▶ **Data for the task**
───

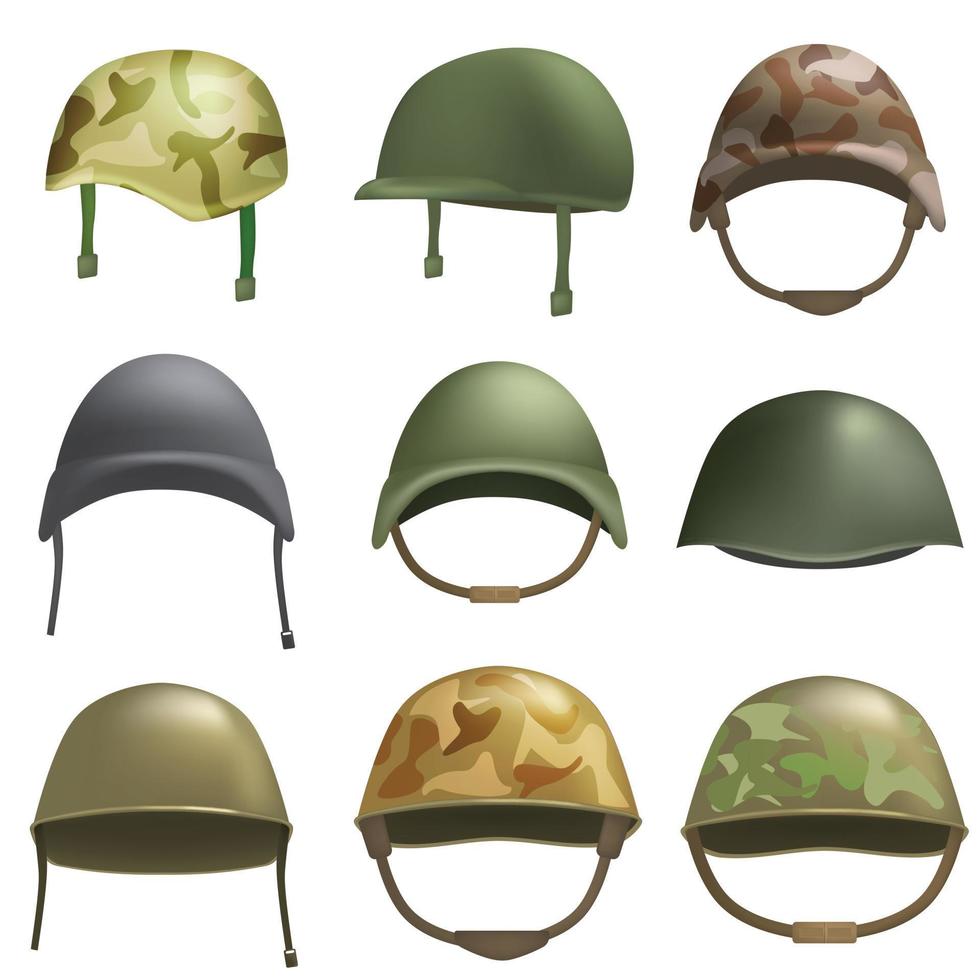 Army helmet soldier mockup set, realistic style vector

───

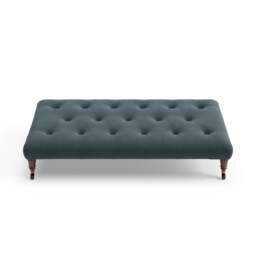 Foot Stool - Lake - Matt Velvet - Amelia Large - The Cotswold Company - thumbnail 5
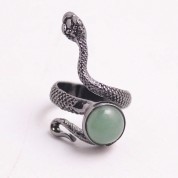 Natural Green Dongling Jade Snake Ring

───

▶ **To do**
Using the listing above, reproduce word for word every line from the one containing "Foot Stool - Lake" through the one containing "Natural Green Dongling Jade Snake Ring". Pictures must be left out.

▶ **Task answer**
 Foot Stool - Lake - Matt Velvet - Amelia Large - The Cotswold Company - thumbnail 5
 Natural Green Dongling Jade Snake Ring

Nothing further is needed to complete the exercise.